Vice Minister of the Central Investigation Department of the Chinese Communist Party

Personal details
- Born: 1917 Linzi County, Shandong, China
- Died: 1977 (aged 59–60)
- Party: Chinese Communist Party

= Cui Jiyuan =

Chinese politician

Cui Jiyuan (崔继瑗; 1917–1977) was a Chinese politician of the People's Republic of China. He served as vice minister of the Central Investigation Department of the Chinese Communist Party (CCP) and as vice president of the Chinese People's Association for Friendship with Foreign Countries.

== Biography ==
Cui Jiyuan was born in 1917 in Cuijiaguanzhuang, Linzi County (now Linzi District, Zibo), Shandong Province. In the autumn of 1937, following the outbreak of the Second Sino-Japanese War, he left Jinan Senior High School and traveled to Yan'an. In August 1938, he enrolled at the Guyi branch of the Shaanbei Public School, and in September of the same year he joined the Chinese Communist Party.

After completing his studies in July 1939, Cui worked for an extended period in the government of the Jin–Cha–Ji Border Region, where he was involved in political and administrative affairs.

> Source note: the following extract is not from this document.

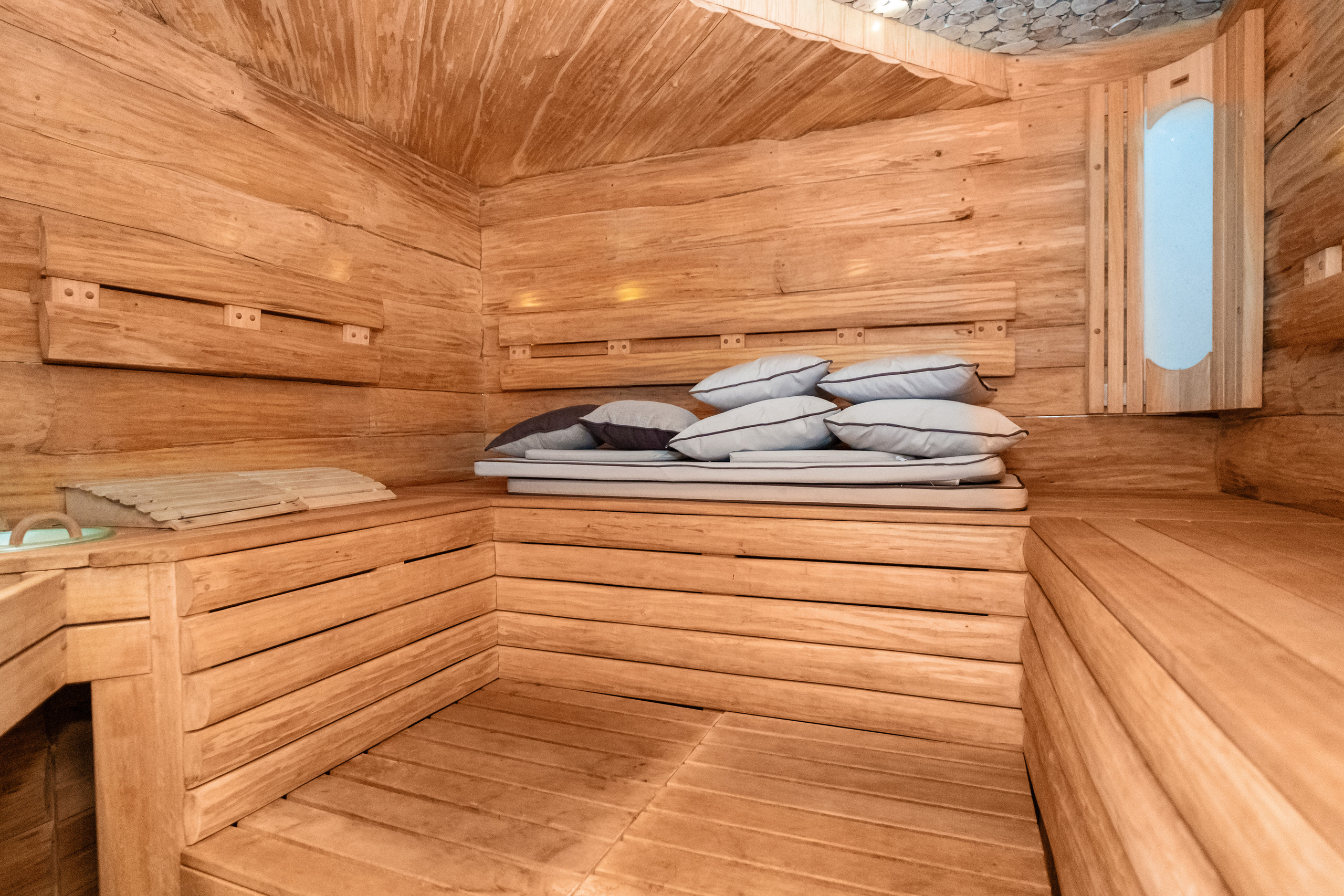 Немецкая деревня. Создаю контент для бизнеса- Андрей Корниенко и упаковываю компании и экспертов в Краснодаре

From August 1948 onward, he held a series of positions within the CCP's security and intelligence apparatus, including section chief of the Social Affairs Department of the CCP Jin–Cha–Ji Bureau, deputy director and director of the Social Affairs Department of the CCP North China Bureau, and director, deputy director, and later director of the Liaison Department of the Central Revolutionary Military Commission.

In July 1956, Cui was appointed political counsellor at the Embassy of the People's Republic of China in Switzerland. In January 1965, he became vice minister of the Central Investigation Department of the Chinese Communist Party, a position he held until his death. In addition to his intelligence work, he also served as a vice president of the Chinese People's Association for Friendship with Foreign Countries, contributing to the PRC's external liaison and friendship activities.

Cui Jiyuan died of illness in December 1977 at the age of 60.